Deep learning is a subset of machine learning algorithms that construct the Deep Neural Networks (DNNs) to solve complex problems. Although it has achieved great success in various fields, such as speech recognition  and image classification , the internal logic of deep learning is still not convincingly explained and DNNs have been regarded as "black boxes" .
Based on an underlying premise that DNNs establish a complex probabilistic model [5, 6, 7, 8], numerous theories, such as the representation learning [9, 10, 11], the Information Bottleneck (IB) theory [12, 13, 14, 15], have been proposed to explore the working mechanism of deep learning. Though the proposed theories reveal some important properties of deep learning, such as hierarchy [9, 10] and sufficiency [12, 15], a fundamental problem is that the proposed theories cannot be directly validated by empirical experiments due to the fact that the distributions of the benchmark datasets, e.g., MNIST, are unknown. For example, hierarchy is an important property of DNNs, but we still cannot explicitly formulate the hierarchy property and directly validate it by empirical experiments.

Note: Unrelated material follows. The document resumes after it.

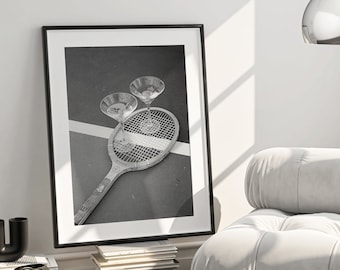 Black White Martini & Tennis Racket Poster, Tennis Print, Tennis Wall Art, Tennis Old Money, Tennis Club Poster, Old Money Aesthetic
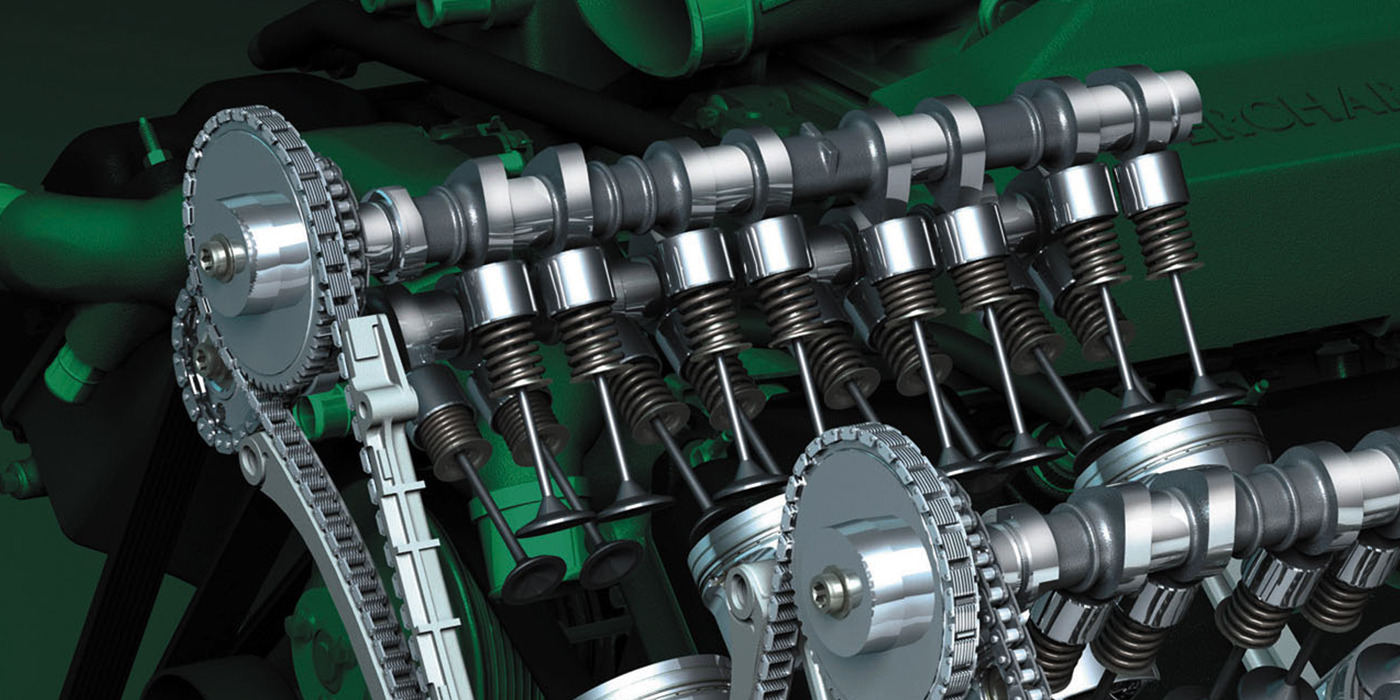 Valve train internals — camshaft and valve gear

To solve this problem, we propose a novel algorithm for generating a synthetic dataset obeying a Gaussian distribution based on the NIST 111https://www.nist.gov/srd/nist-special-database-19 dataset of handwritten digits by class. In particular, the synthetic dataset has the same characteristics as the benchmark dataset MNIST . Specifically, the synthetic dataset consists of 70,000 grayscale images in 10 classes (digits from 0 to 9). Each class has 6,000 training images and 1,000 testing images. Fig. 1 shows three synthetic images. Therefore, we can easily apply various DNNs on the synthetic dataset like MNIST. Since all the grayscale images are sampled from a known distribution, the synthetic dataset obeys the Gaussian distribution.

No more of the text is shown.